1. "Redeemer" (5:27)
2. "Phoenix Syndrome" (5:46)
3. "No Lose Cut" (4:43)
4. "Post Believers" (5:46)
5. "Perfect Plan" (4:15)
6. "Soul Distinction" (6:54)
7. "The Trial" (5:08)
8. "Thief" (5:45)
9. "New Day" (5:50)
10. "Metropolis Metamorphosis" (6:48)

Mirador are a new Swedish heavy metal band whose debut album is filled with epic, progressive heavy metal. However, when one thinks of progressive, usually bands like Dream Theater or Fates Warning come to mind. Mirador are much different from any of these bands and incorporate elements of doom and classic metal like Black Sabbath. Labelmates Veni Domine might be a closer comparison, however, even these two bands don't sound exactly like one another. "The Azrael Tales" starts off with an eerie, heavy song that seems to have a heavy Marylin Manson influence.

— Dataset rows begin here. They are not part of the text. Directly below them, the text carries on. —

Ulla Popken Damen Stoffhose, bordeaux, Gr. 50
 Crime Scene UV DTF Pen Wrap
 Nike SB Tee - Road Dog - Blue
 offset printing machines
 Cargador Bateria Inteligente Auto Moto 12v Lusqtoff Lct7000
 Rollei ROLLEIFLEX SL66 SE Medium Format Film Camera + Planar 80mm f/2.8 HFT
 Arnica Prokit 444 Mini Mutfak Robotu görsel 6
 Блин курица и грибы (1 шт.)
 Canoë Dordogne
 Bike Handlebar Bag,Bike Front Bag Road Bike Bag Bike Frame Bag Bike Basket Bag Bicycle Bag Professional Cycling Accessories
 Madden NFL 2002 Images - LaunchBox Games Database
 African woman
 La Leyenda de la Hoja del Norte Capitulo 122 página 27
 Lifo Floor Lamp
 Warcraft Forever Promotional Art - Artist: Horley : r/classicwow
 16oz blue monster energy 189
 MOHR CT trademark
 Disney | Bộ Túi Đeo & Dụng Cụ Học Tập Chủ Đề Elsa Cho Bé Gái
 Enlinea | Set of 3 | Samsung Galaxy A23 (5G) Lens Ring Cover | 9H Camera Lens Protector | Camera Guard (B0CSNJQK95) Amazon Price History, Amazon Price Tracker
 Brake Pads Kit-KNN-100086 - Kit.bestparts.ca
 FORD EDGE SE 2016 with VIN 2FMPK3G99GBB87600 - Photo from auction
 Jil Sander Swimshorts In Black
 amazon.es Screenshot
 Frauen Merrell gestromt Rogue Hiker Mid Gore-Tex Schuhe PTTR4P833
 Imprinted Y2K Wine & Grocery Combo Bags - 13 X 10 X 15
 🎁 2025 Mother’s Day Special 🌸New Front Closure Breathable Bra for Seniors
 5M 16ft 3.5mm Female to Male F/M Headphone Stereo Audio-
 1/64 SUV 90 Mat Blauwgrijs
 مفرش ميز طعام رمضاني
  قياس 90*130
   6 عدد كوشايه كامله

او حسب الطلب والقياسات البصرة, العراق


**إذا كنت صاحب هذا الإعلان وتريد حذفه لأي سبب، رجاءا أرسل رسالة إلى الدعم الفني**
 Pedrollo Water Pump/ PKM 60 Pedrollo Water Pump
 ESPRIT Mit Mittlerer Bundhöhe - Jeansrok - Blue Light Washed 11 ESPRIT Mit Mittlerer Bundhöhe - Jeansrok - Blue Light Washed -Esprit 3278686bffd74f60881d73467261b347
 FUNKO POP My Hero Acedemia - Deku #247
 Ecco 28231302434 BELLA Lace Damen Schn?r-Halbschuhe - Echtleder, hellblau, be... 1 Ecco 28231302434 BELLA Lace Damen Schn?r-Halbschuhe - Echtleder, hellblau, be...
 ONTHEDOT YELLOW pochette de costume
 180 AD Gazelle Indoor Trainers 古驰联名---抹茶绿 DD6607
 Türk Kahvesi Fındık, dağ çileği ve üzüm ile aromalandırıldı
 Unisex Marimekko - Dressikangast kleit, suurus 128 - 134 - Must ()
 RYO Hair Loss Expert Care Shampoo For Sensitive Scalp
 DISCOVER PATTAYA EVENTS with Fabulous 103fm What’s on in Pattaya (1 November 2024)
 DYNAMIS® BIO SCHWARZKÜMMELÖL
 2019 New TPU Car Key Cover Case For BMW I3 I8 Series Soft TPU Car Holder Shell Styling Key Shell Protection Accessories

I could be wrong here, but it sure reminded me of Manson. After this, however, the similarites are no longer there. Actually, I would describe the rest of the album as progressive doom metal. "Phoenix Syndrome", "No Lose Cut" and "Post Believers" all have that slow plodding sound that echoes bands like Candlemass and Veni Domine. "Post Believers" in particular is a standout cut. I enjoyed the diversity within this song and felt it was one of the strongest vocal performances on the CD. "Perfect Plan" has a slight Middle Eastern feel to it. I also felt the choir arrangements really worked well on this song. Actually the large choir sound is used throughout the CD and give the album a very big feel. "Soul Distinction" features some beautiful acoustic passages mixed with the heavy, industrial sounding guitar riffs that really makes for a dynamic song. This song has a very haunting feel to it and is also one of the longer, more epic songs on the disc. "The Trial", "Thief" and "New Day" resume the heavier, doomier sound. "Metropolis Metamorphosis" finishes the CD off with a slightly more upbeat and dynamic cut. The production on this album is very good. All the instruments, as well as the added little nuances here and there are all heard clearly. I must also make mention of the lyrics which are poetic and obviously written from a Christian, spiritual viewpoint. I am not sure that this band would label themselves as a "Christian band" but their lyrics lead me to believe that at least the songwriter has a fascination with Biblical themes.